There are things a person learns when they find them self in a wheelchair. For instance, how water fountains are never user-friendly, and how to adjust to being eye-level with something no one wants to see. However; in most cases, people in chairs have to learn how to travel. Whether it be traveling to a different state to talk to a specialist on their disability, or traveling across the world to compete in wheelchair athletics. Seeing as there is not a plethora of disabled athletes in one place, things never seem to be local, making lots of travel necessary.
Being a physically disabled athlete myself, I’ve taken some pretty phenomenal trips such as Vancouver for the winter Paralympics, the Cayman Islands, and all over America. As cool as those places may have been, nothing beats my first international trip. I was chosen to represent the USA Women’s Under 23 Basketball Team in Sydney, Australia.
The entire trip was 22 hours. That included the five hour flight from Charlotte to Los Angeles, a three hour layover, and then the fourteen hour flight to Sydney. I developed a great respect for Quantas airlines that day. There were 24 athletes in total. All of us compared to the two aisle chairs the plane had on bored was a bad situation. There was always some kid crawling up and down the plane to get to the bathroom.
As if taking care of a group of disabled teenager’s sanitary needs wasn’t bad enough, the real respect was earned when exiting the plane. All 24 of us came with our everyday wheelchairs and our sports chairs. Meaning 48 chairs in total, 96 very similar wheels needing to go to the right chair, and 24 kids who have to “gimp” their way off the plane. By some miracle, we all managed to get out in a timely manner, and we all had wheels on our chairs. They weren’t necessarily “our” wheels exactly, but at that point showers and naps took precedence.
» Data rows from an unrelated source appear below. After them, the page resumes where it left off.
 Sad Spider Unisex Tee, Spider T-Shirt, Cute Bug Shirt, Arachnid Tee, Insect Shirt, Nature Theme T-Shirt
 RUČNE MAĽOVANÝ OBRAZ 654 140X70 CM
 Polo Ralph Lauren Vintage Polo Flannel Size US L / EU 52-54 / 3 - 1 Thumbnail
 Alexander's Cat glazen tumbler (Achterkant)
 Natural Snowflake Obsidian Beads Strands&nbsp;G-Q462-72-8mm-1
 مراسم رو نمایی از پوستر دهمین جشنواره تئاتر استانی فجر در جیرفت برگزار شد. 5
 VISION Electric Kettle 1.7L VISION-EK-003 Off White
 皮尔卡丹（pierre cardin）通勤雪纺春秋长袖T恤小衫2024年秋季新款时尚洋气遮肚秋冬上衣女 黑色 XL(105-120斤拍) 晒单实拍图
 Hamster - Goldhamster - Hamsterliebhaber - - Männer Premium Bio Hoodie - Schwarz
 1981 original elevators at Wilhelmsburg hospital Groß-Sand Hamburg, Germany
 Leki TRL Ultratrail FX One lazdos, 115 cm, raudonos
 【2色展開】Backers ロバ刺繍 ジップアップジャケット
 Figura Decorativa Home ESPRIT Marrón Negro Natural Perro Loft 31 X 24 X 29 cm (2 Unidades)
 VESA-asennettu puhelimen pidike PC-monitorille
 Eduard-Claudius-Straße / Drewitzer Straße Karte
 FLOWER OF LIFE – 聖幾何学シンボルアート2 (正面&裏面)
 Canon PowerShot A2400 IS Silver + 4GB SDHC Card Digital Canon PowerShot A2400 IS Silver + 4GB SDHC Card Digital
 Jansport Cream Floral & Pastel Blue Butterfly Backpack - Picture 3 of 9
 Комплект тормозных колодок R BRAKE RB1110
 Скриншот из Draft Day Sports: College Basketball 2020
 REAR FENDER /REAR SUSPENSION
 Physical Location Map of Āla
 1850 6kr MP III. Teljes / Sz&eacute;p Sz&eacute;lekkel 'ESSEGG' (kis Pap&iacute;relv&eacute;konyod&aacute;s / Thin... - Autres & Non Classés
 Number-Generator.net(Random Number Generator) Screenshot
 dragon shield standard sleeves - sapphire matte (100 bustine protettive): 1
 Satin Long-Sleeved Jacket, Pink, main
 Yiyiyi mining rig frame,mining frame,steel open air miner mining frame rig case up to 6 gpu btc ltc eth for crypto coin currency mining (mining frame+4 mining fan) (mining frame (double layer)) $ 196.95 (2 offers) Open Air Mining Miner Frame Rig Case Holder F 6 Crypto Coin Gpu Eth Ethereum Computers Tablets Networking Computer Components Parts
We stayed at a Hampton Inn just outside of Sydney for about three days. We’d practice in the morning’s and then take the train to Darling Harbor where we experienced street performers, strange haircuts, bizarre animals, and the sights of Australia, including the Harbor Bridge, and the infamous Opera House. After getting accustomed to the time change, obnoxious birds, and quirks of a new country, we traveled out to Narabeen where the games were. Why these games were there, I’ll never know. Public transportation didn’t even go to this place. Upon arrival, we all climbed into our little purple cabin, watched a few of us try to flop onto the top bunk of the beds, and headed off to the gym for our first game.
Our team was the only all-girls team of the tournament, and none of us were particularly tall. Our first game was against New South Wales, a team of mostly giant, older, guys, and we got slaughtered by 60 points. As rough as that was, none of us seemed to be too torn up. We were singing on the bench, clapping, laughing, and having a ball. During that game, I truly grasped why we were there. We were representing America at an elite level, but most importantly we were there to have fun. Not many people get to experience that, able-bodied or not, it’s something special. We may not have been the tallest team there, or the best, but we were the proudest. The games ended, and we went on to bring back the silver, wheels and all.